Glad to see you're addressing the situation. If there's anything at all that I can do for you, please let me know. Given my location, I would even be willing to drive to Everett and help if needed. By the way, mine's red, too.


----------



## recycled_toddler (Feb 4, 2004)

Helaine said:


> Glad to see you're addressing the situation. If there's anything at all that I can do for you, please let me know. Given my location, I would even be willing to drive to Everett and help if needed. By the way, mine's red, too.


AWESOME!!! I was ripping through Mount Vernon yesterday to Wally-World with the tops off. It's about time we got some Skagiters here!

Yeah, that'd be great, but since my dad's friend is dragging his heels on the fabrication stuff I need, I'm gonna break away and make the stuff myself. I'll PM ya with my vital stats for contact.

I'm considering starting a club here and there's some interest; Gonna call it "S.P.O." (Sentra/Pulsar Owners). So far, tentative plan is to have the monthly meetings at either the King Charley's burger joint in Snohomish or some place a bit closer to the Skagit county line.

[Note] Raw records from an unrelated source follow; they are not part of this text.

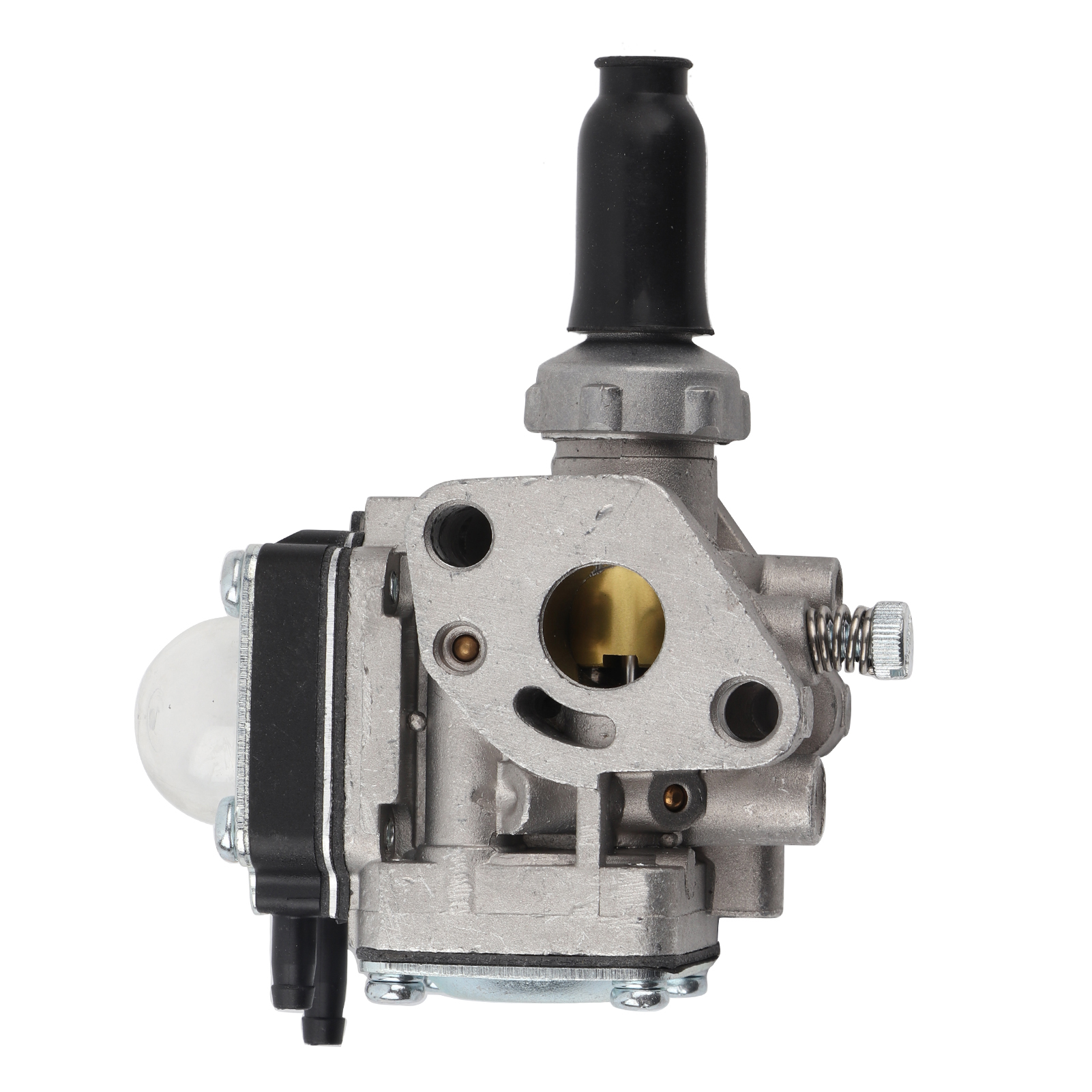 Lawn Mower Carburetor Outdoor  - Gardening Tools Rake 리뷰 및 가격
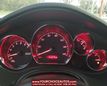 2007 Pontiac G6 2dr Convertible GT - 22923361 - 18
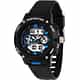 MONTRE SECTOR EX-45 - R3251293006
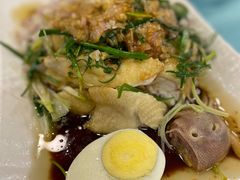 -粤·向群饭店(泮塘路店)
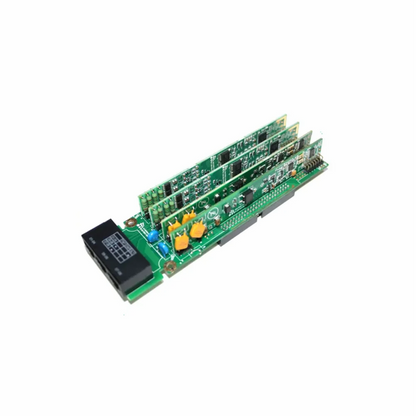 ETERNITY PE CARD SLT4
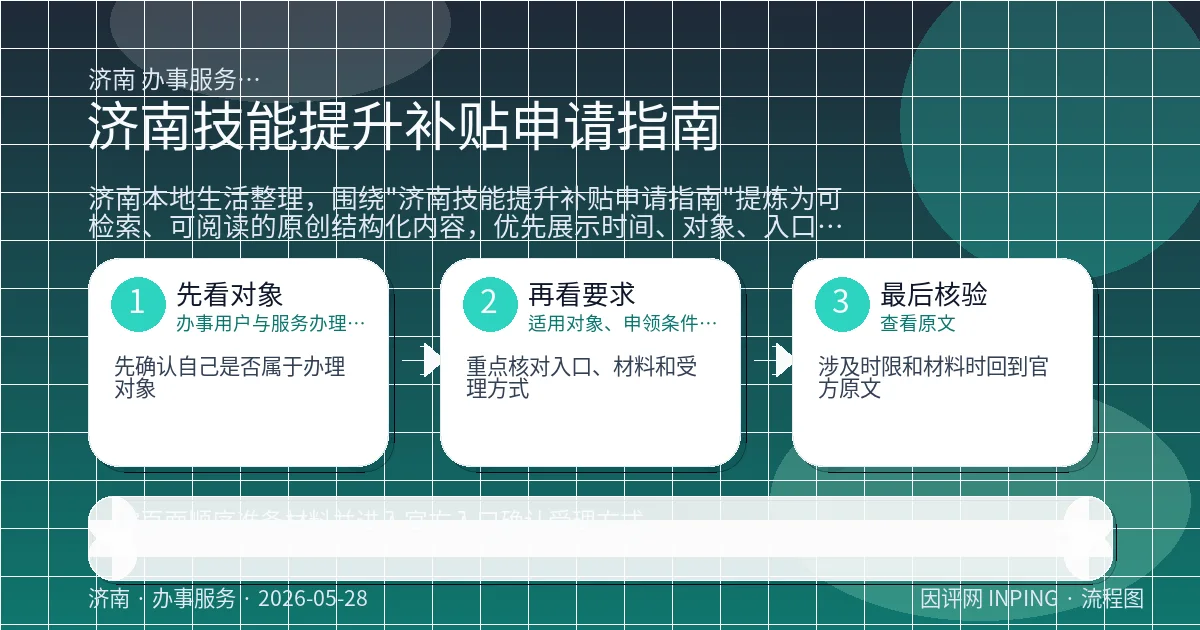 系统管理员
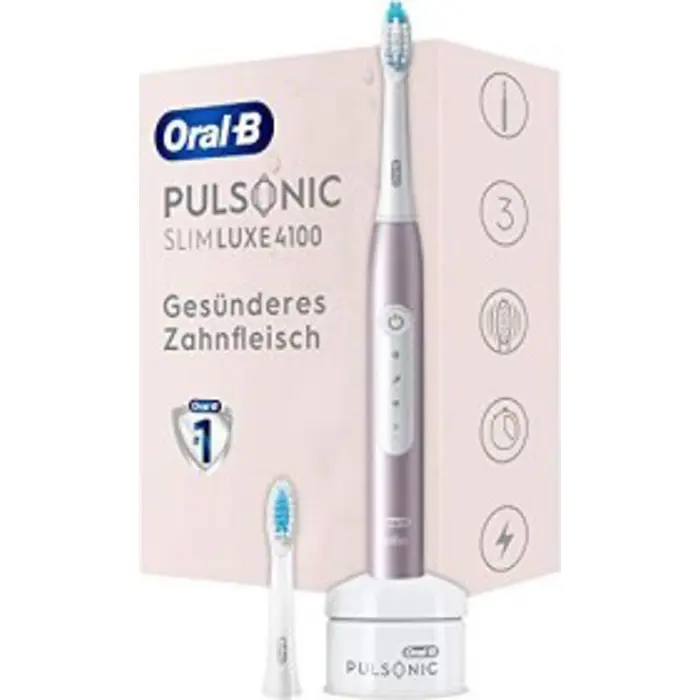 braun-oral-b-pulsonic-slim-luxe-4100-rose-gold-16279-4210201305569-w.webp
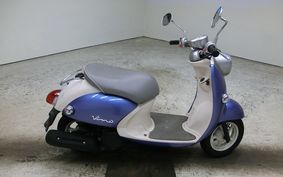 YAMAHA VINO 50 2008 SA37J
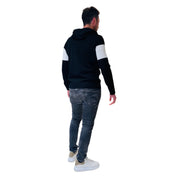 67d4566083e04.jpg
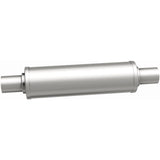 MagnaFlow Exhaust Muffler (MPN: 12867)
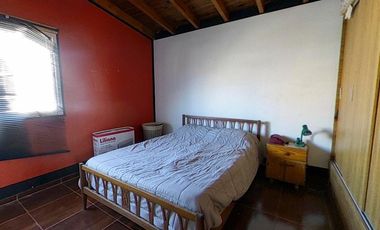 CASA EN VENTA EL CHALLAO LAS HERAS CON TOUR VIRTUAL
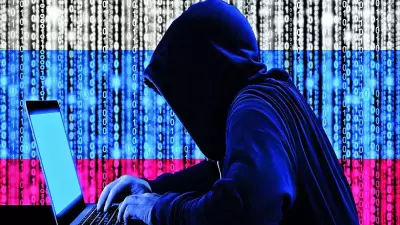 Chinese hacker Xu Zewei extradited to US for COVID-19 research theft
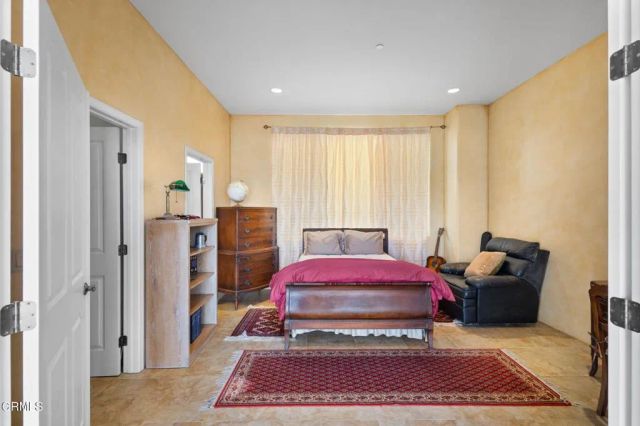 5160 Neptune Square, Oxnard, CA 93035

BTW: The SR-9 drive between Mount Vernon and Arlington is kick-ass at twilight!


----------



## recycled_toddler (Feb 4, 2004)

*Yet another update...*

We got progress! I've obtained the 1/4 inch steel plate myself and there was enough to make 4 adaptors and 4 wheel spacers...enough for two cars. Dimensions have been transferred and scribed onto the steel, awaiting drilling, hole-cutting and final cutting.

Also bought were 8 longer wheel studs and nuts to match, from the Dorman hardware bins at my local auto parts stores. The studs are 1/4 inch longer than what the NX hubs came with. The Z wheel studs weren't long enough, nor would the Nissan parts guy either research the need nor would he allow me to scout the bins. So, Dorman got the job! Thanks to S&M Auto Supply of Everett and AutoZone of Marysville!

As soon as the plates are drilled and cut out, we'll be on it. Keep tuned...

--RT


----------